Sementara itu, Direktur Utama PT Bank Tabungan Negara (Persero) Tbk, Nixon L.P. Napitupulu, mengatakan tingginya animo masyarakat terlihat sejak proses pendaftaran dibuka.
“Antusiasme masyarakat luar biasa. Bahkan, kami melihat antrean pendaftaran di kantor cabang sudah terjadi sejak malam hari. Ini menunjukkan JAKIM telah menjadi fenomena baru di masyarakat,” ujar Nixon.
Race Director JAKIM, Satrio, menilai tren olahraga lari di Jakarta terus meningkat dan menjadi bagian dari gaya hidup masyarakat urban.
BACA JUGA:Cetak Rekor! Peserta JAKIM 2025 Tembus 31 Ribu Orang, Pramono: Diikuti Pelari dari 51 Negara
Selain sebagai aktivitas fisik, lari juga menjadi sarana efektif untuk mengurangi stres.

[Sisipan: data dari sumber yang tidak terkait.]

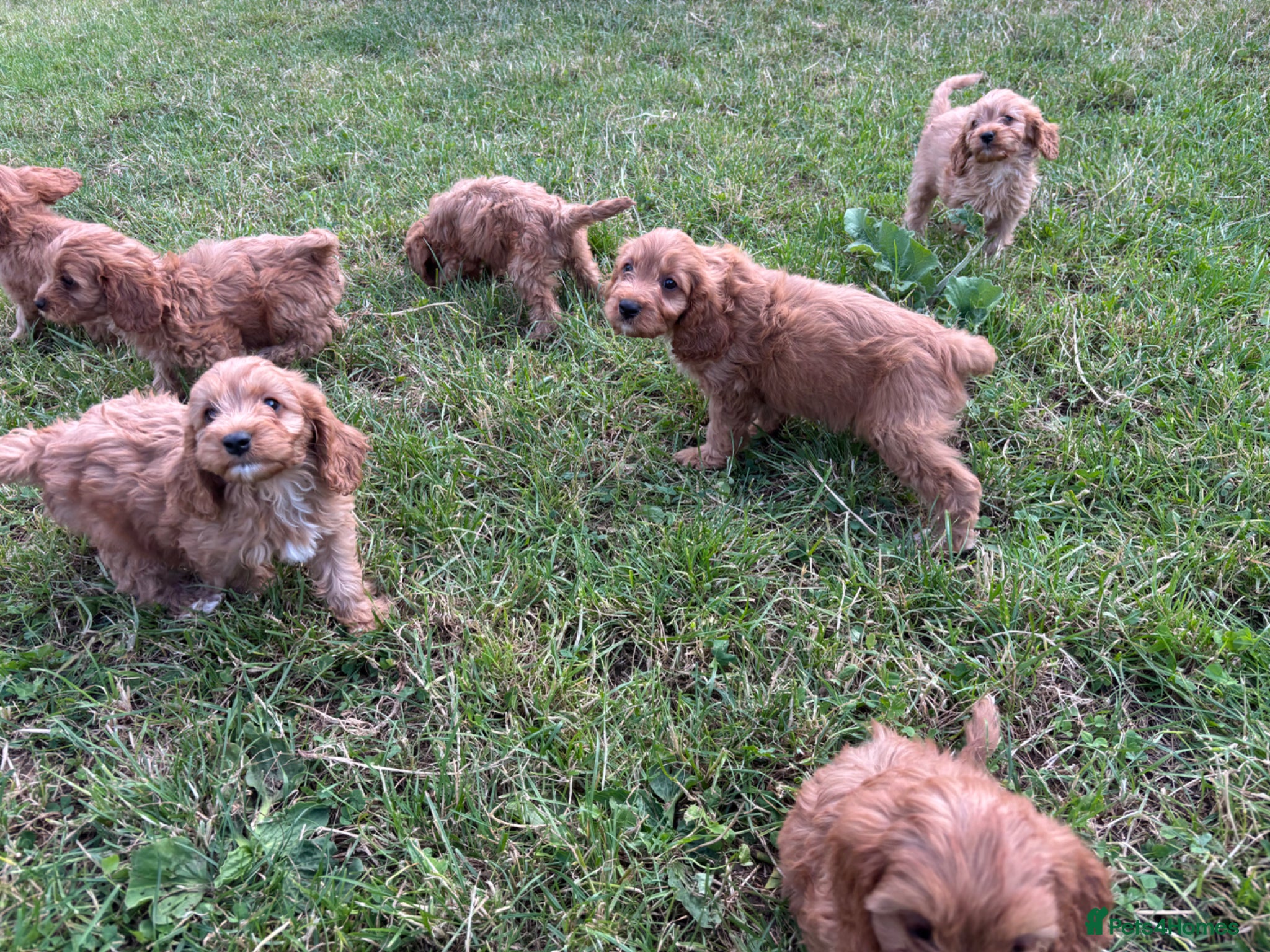 Cavapoo dogs for sale: Beautiful red girls and boys available  in Sittingbourne - Advert 14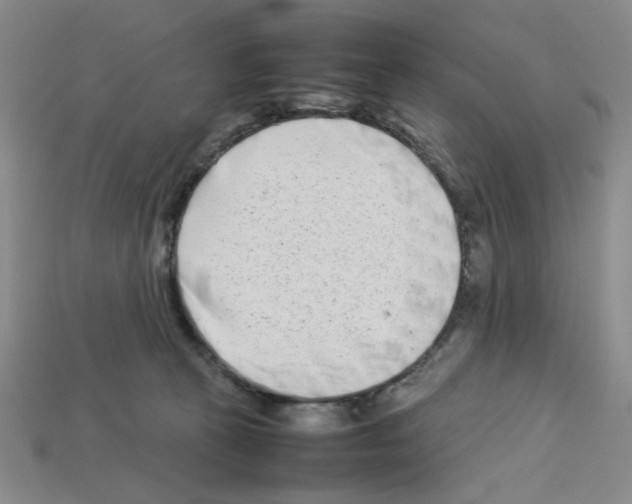 X0000112790273200910021106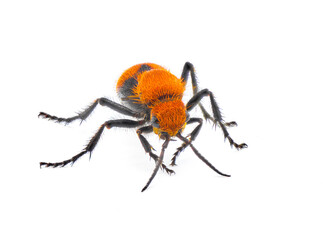 Female Dasymutilla occidentalis - red velvet ant, eastern velvet ant, cow ant or cow killer - a species of parasitoid wasp native to the eastern United States. Isolated on white background front view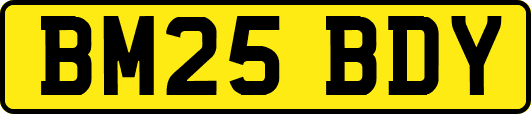 BM25BDY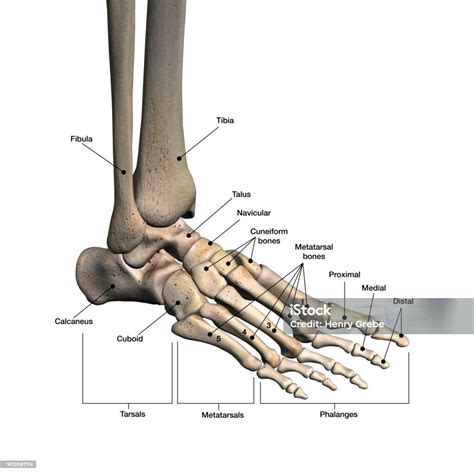 Bones Of The Foot And Ankle Labeled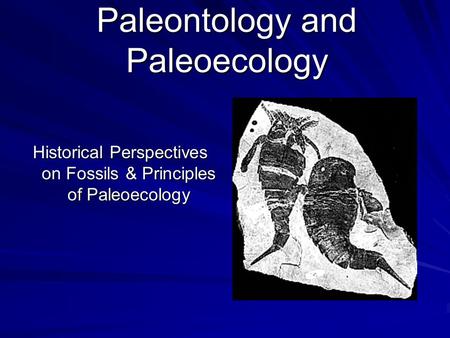 Paleontology and Paleoecology Historical Perspectives on Fossils & Principles of Paleoecology.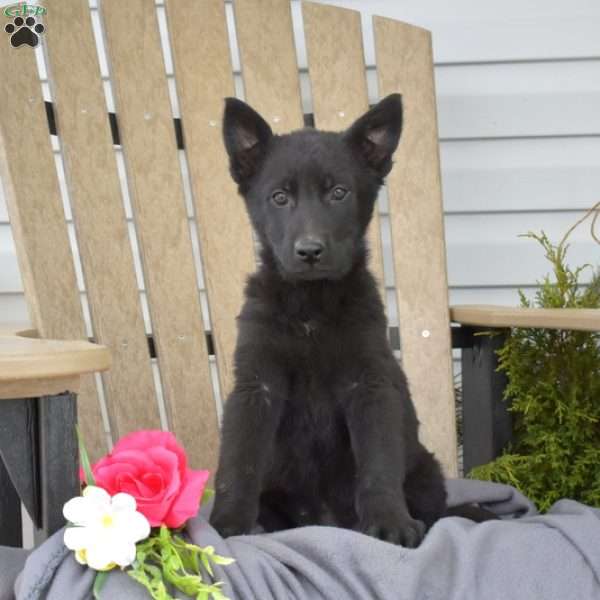 Madison, German Shepherd Puppy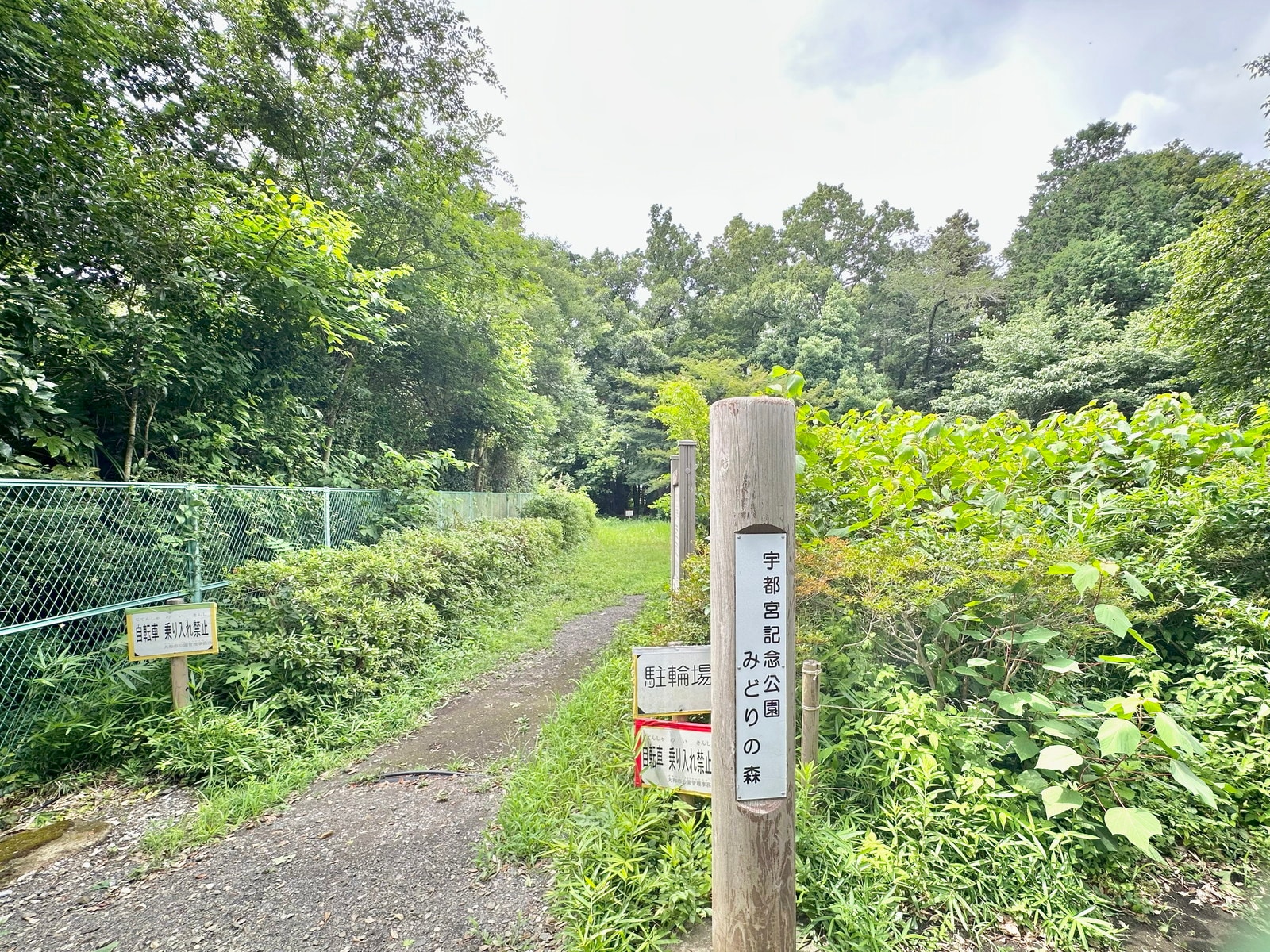 中央林間の写真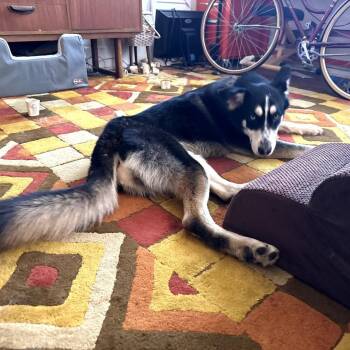 Siberian Husky and Mixed Breed Dogs Available for Adoption in New Orleans, Louisiana - Cindy | PetCurious
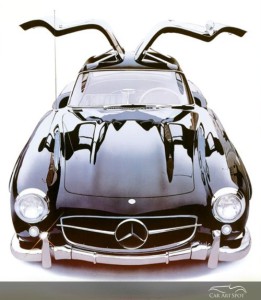 GULLWING by Harold Cleworth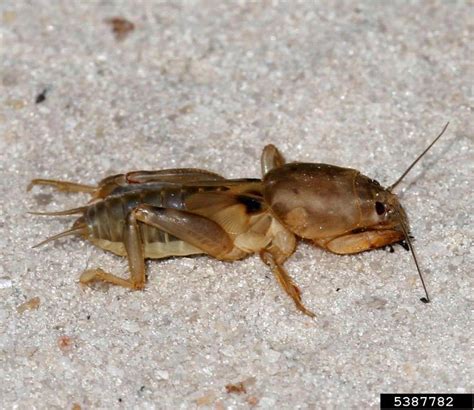 Orthoptera - Bugwoodwiki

“Lari sudah menjadi hiburan penting bagi masyarakat Jakarta. Selain menyehatkan, juga menjadi cara sederhana untuk melepas penat,” ungkapnya.
BTN JAKIM 2026 terdiri atas empat kategori lomba, yakni 5K, 10K, half marathon, dan full marathon.
Ajang ini disiapkan dengan standar tinggi, mulai dari desain rute berpredikat Elite Road Race Label dari World Athletics, penyediaan water station, cooling zone, live tracking, hingga cheering zone yang menghidupkan atmosfer lomba.